南アルプスに囲まれた深い渓谷沿いに立地する山梨県・西山温泉。大自然に包まれた環境と、1300年もの歴史が育んだ秘湯としての魅力を求めて、多くの湯治客が訪れる。周囲には季節とともに鮮やかに色を変える木々、谷間を静かに流れる渓流のほか、寺院や宿場町など歴史資源も豊富だ。もうしばらくすれば新緑の季節。春の訪れとともに、静かな癒しを与えてくれる甲州の秘湯へ旅立とう。

南アルプスが生んだ湯治場

南アルプスの奥深い山間に1つの秘湯がある。西山温泉。北岳を源流とする早川渓谷沿いを走る南アルプス公園線を行くと、その秘境の湯治場が見えてくる。近隣の奈良田温泉などとともに、南アルプス温泉郷の一角をなす風情ある湯の郷だ。

西山温泉は、慶雲年間、705年に藤原真人の子らによって開湯したとされ、約1300年前の歴史を持つ。その歴史をひもとけば、甲斐を治めた武田信玄、天下を治めた徳川家康も訪れたとされ、偉人から一般人まで数多くの人の身体を癒してきた。

西山温泉のある早川町は糸魚川静岡構造線上に位置することから、渓谷の断崖付近から湧き出る源泉は湯量が豊富。古くから胃腸病や婦人病に効果があるとされる。深い緑に囲まれ、早川渓谷が流れる静寂に満ちたその環境から長逗留する湯治客も多く、まさに現役の湯治場として親しまれている。新緑、紅葉の季節には温泉と自然、伝統の妙を楽しみに訪れたい。
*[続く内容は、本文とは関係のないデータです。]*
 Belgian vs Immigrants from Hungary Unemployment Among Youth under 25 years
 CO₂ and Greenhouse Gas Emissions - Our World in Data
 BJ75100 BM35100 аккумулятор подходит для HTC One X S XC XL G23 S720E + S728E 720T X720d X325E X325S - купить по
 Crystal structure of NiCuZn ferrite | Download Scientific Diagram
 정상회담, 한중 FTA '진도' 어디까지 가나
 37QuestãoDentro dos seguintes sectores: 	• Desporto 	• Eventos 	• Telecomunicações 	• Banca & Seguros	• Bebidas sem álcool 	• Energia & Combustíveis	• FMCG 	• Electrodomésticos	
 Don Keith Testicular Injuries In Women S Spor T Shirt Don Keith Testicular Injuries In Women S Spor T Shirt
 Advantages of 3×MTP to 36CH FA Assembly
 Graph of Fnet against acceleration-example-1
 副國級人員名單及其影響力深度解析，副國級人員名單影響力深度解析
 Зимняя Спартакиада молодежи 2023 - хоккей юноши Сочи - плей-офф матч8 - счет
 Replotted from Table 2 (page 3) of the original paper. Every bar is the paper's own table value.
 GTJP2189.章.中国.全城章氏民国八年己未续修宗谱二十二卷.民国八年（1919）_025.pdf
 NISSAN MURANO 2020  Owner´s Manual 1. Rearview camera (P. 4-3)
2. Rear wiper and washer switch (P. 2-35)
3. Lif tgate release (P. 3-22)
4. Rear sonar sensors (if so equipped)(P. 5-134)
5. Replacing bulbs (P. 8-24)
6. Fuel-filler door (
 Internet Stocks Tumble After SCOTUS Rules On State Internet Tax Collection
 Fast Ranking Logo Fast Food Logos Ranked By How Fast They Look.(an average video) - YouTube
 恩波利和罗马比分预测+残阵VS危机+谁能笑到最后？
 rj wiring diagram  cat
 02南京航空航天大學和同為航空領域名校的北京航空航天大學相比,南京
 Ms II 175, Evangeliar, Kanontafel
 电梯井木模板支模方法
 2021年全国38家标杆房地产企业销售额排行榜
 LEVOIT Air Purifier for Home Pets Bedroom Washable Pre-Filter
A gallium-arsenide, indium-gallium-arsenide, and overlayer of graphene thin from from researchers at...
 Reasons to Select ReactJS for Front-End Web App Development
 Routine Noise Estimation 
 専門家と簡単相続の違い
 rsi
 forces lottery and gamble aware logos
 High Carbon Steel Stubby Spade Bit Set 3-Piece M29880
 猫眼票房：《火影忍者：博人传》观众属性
西山温泉の「慶雲館」は、県内有数の歴史を持つ老舗温泉旅館。全館全室の風呂、給湯が源泉掛け流しで、西山温泉が持つ魅力を十二分に堪能できる。

同館は2005年、西山温泉開湯1300年記念として敷地内に新たな温泉を掘削した。毎分1630リットルという、自噴する温泉として全国でも有数の湧出量を誇る。アルカリ性で源泉温度は51・5度。加温なしで使用できることから、全館源泉掛け流しが実現できるのだという。

浴場は6種あり、多彩な楽しみ方ができる。野天風呂「白鳳の湯」「望渓の湯」からは、早川の渓谷の美しさを眺め、展望大浴場「桧香の湯」「石風の湯」からは自然の緑がパノラマで楽しめる。そのほか、貸切野天風呂「瀬音」「川音」も備えている。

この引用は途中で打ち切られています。